**Instructions for the task**
For this exercise, write out the full listing that follows exactly and skip its pictures.

**The data**
++++++++++
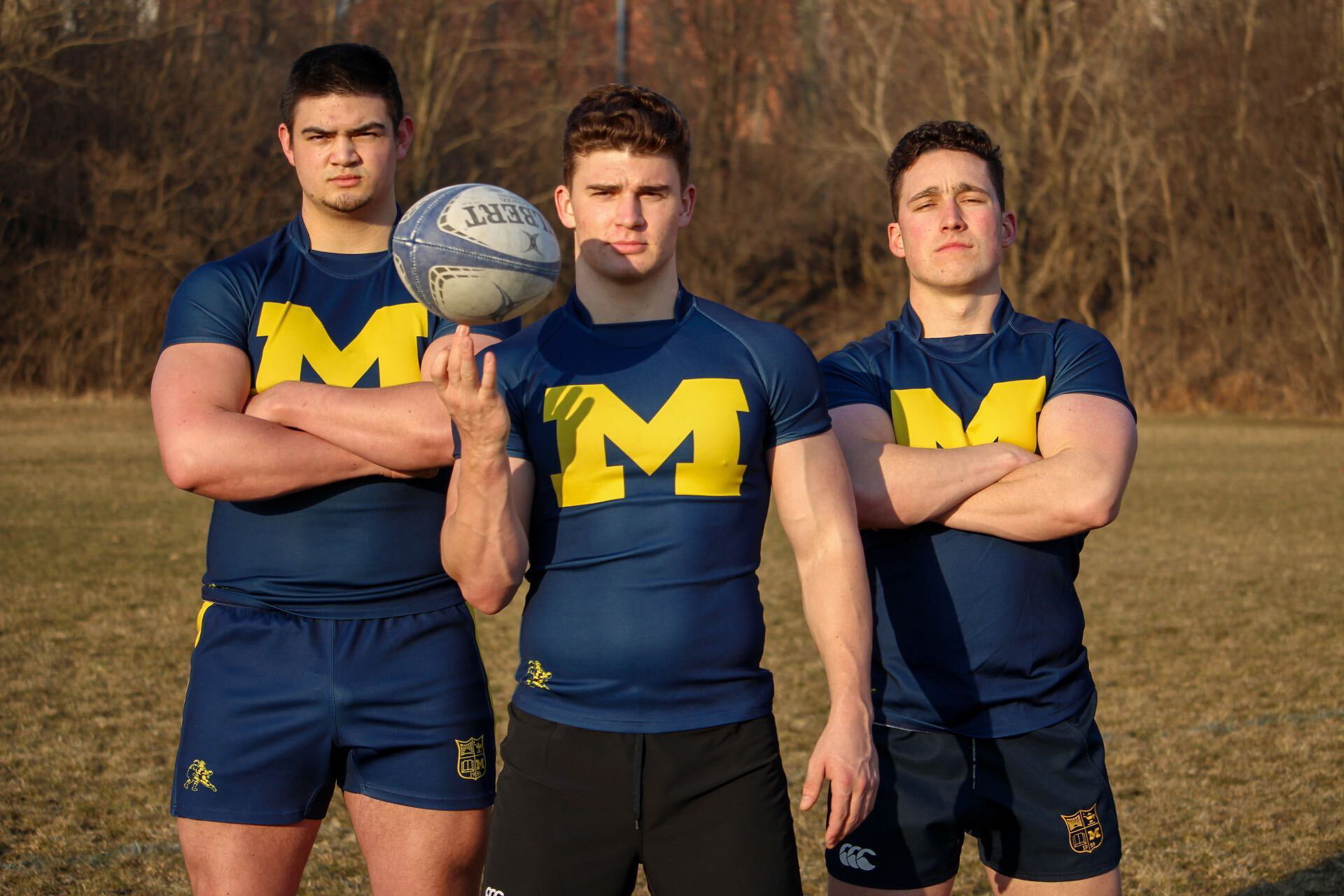 Three men wearing blue shirts with the letter m on them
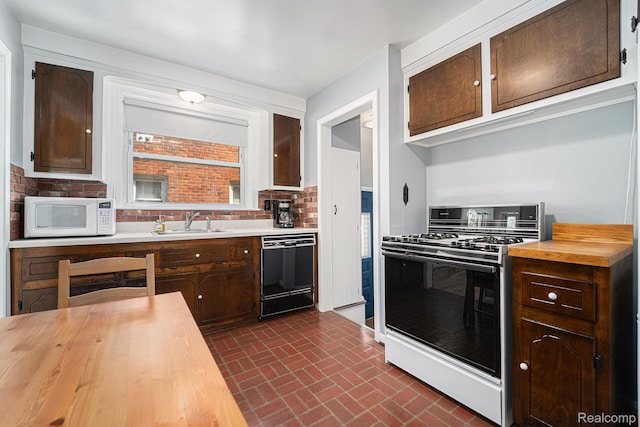 20874 Woodmont St, Harper Woods, MI 48225 - kitchen featuring gas stove, black dishwasher, wooden counters, white microwave, and brick patterned floors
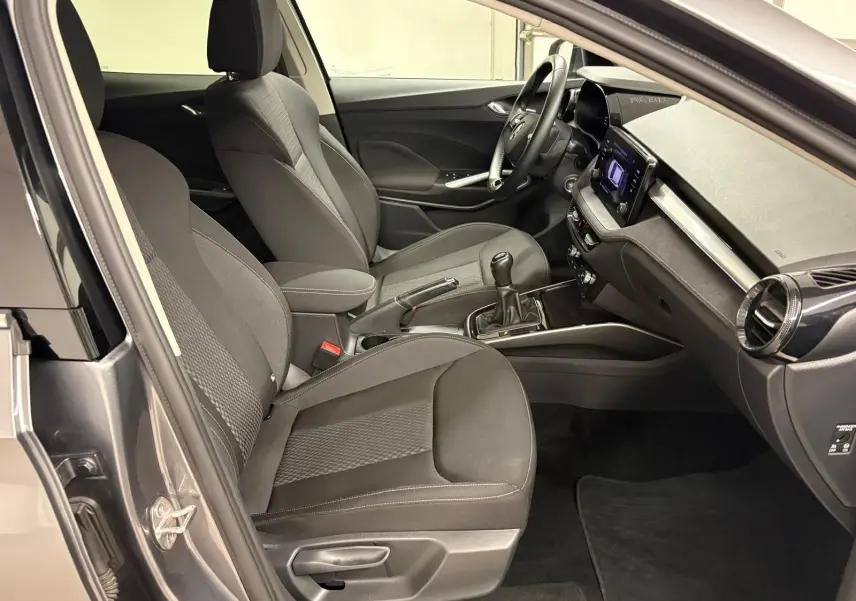Vue intérieure côté conducteur de la Skoda Fabia 2023 gris graphite, avec sièges tissu et boîte manuelle visible.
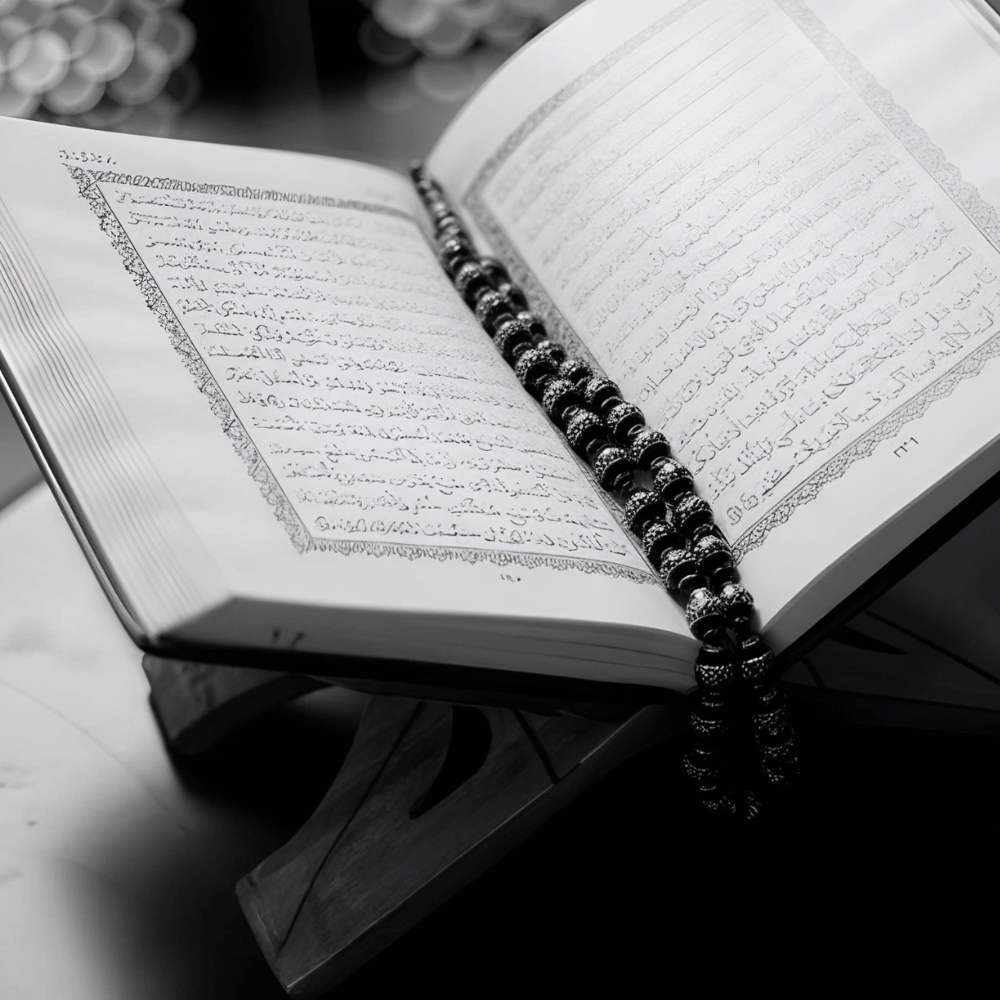 A black-and-white close-up of the Quran with prayer beads resting on it, symbolizing faith and reflection during Ramadan Mubarak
++++++++++
**Answer below**
 Three men wearing blue shirts with the letter m on them
 20874 Woodmont St, Harper Woods, MI 48225 - kitchen featuring gas stove, black dishwasher, wooden counters, white microwave, and brick patterned floors
Vue intérieure côté conducteur de la Skoda Fabia 2023 gris graphite, avec sièges tissu et boîte manuelle visible.
 A black-and-white close-up of the Quran with prayer beads resting on it, symbolizing faith and reflection during Ramadan Mubarak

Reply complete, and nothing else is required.